Es enttäuscht, dass kaum Quellenwerke für die Bilder genannt werden. Keine Bibliographie bietet nach Kulturräumen gegliedert die kunstgeschichtlich-archäologische Grundlagenliteratur, ob-wohl das Literaturverzeichnis am Ende des Buches solche Werke nennt. Für Mesopotamien mag die Liste in A. Nunn, Der Alte Orient. Geschichte und Archäologie, WBG 2012, 197 ff., als Orientierung dienen.
Ist es Keels Einfluss, dass die Aufgaben der schweizerischen Autoren, Thomas Staubli und Regine Hunziker-Rodewald, das Bild am stärksten gewichten?
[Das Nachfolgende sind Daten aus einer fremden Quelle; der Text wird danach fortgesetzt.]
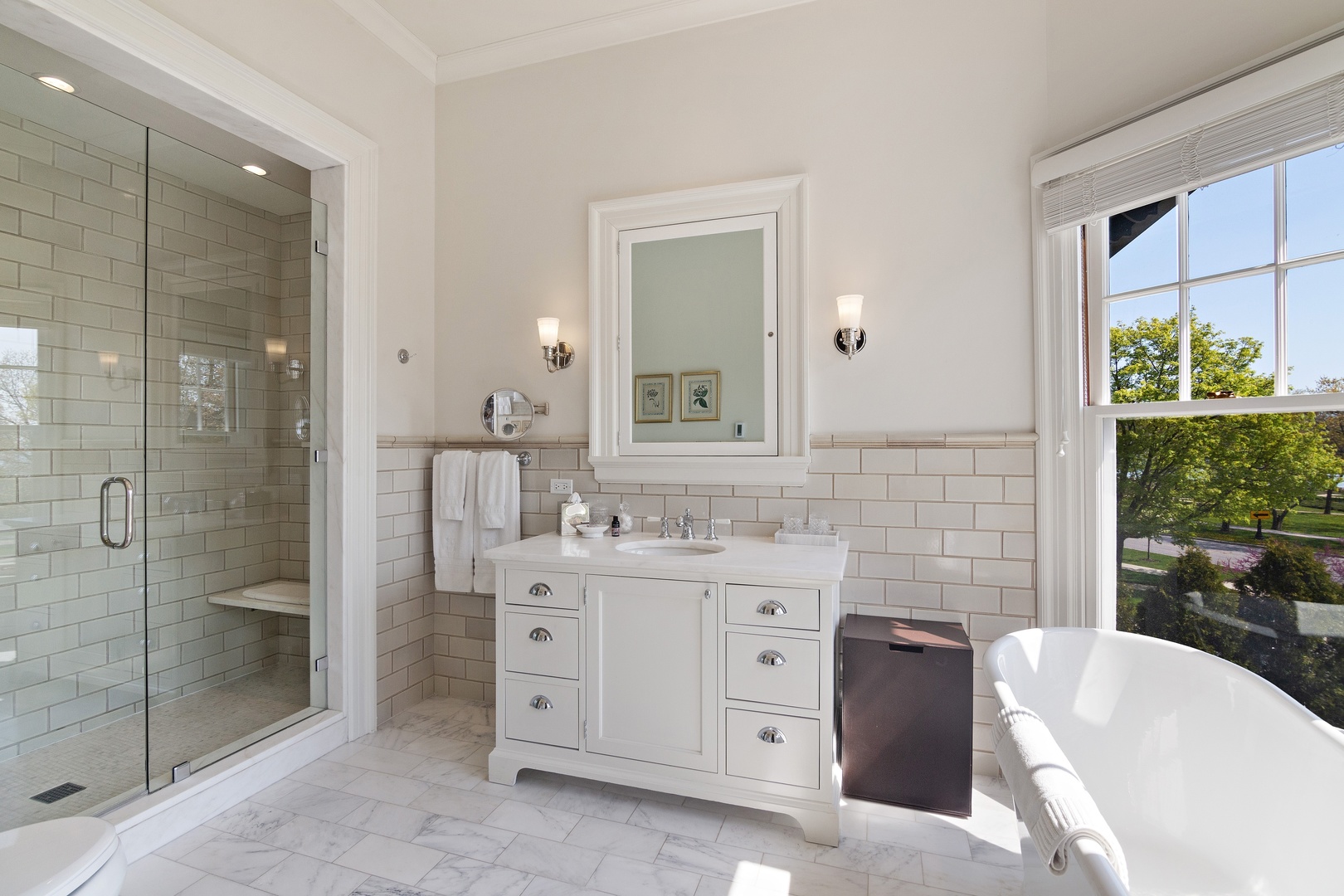 1622 Forest Place Evanston, IL 60201 - Photo 23 of 47 a bathroom with a tub sink toilet and shower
Man soll im Bild mit Strichen und Pfeilen die visuelle Syntax markieren (101), durch sorgfältige Durchsicht von Beispielsammlungen Abbildungen eines ikonographischen Motivs aufspüren (180) oder eine Bildkollage zu Hab 3, Jes 6 oder Ez 1 erstellen (346).
Lehrreich ist jeder der Beiträge. Das Buch ist zu begrüßen. Es sei ihm breite Rezeption unter Lehrenden und Lernenden der alttestamentlichen Exegese vergönnt.